* Task instructions
What you return must match the listing exactly, with every image removed.

* The data

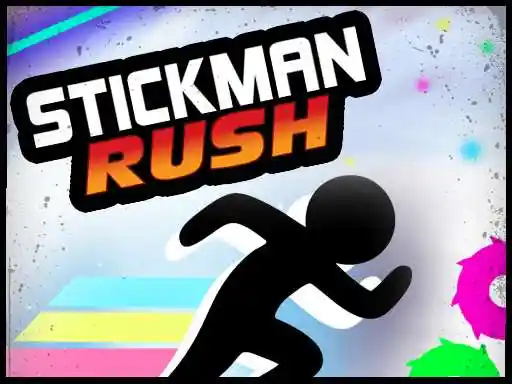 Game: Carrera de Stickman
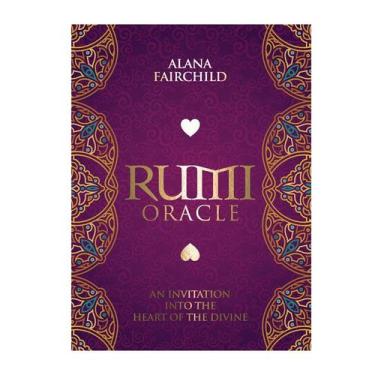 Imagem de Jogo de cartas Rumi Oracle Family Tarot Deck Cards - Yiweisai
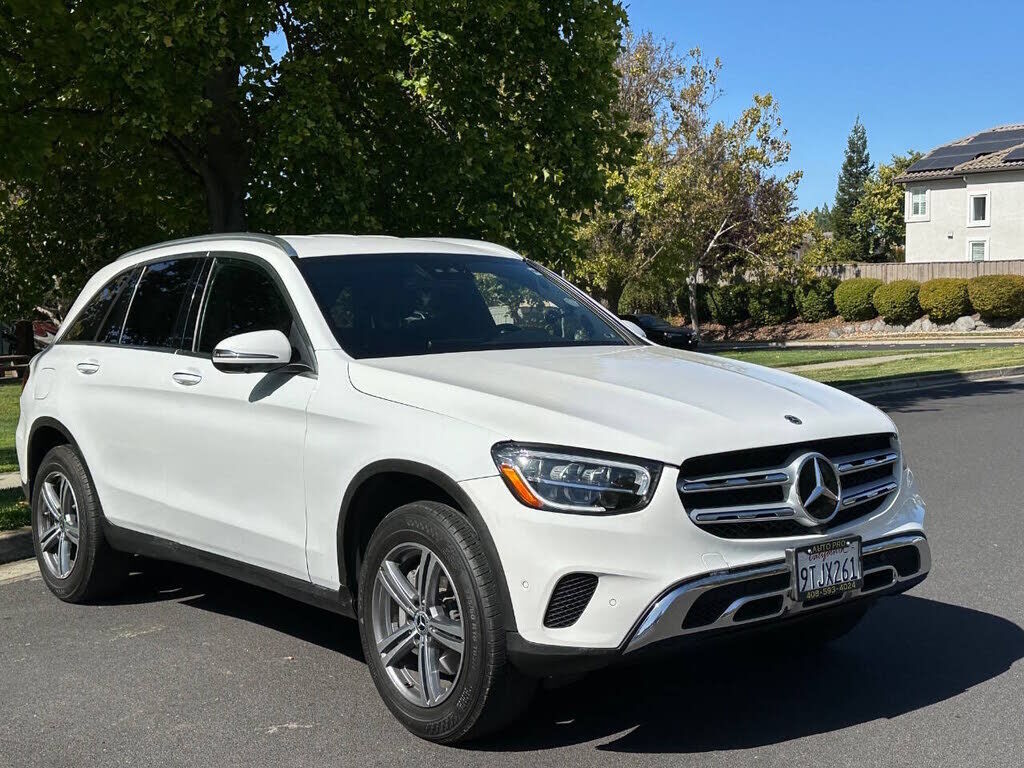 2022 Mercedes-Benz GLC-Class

* Result
 Game: Carrera de Stickman
 Imagem de Jogo de cartas Rumi Oracle Family Tarot Deck Cards - Yiweisai
 2022 Mercedes-Benz GLC-Class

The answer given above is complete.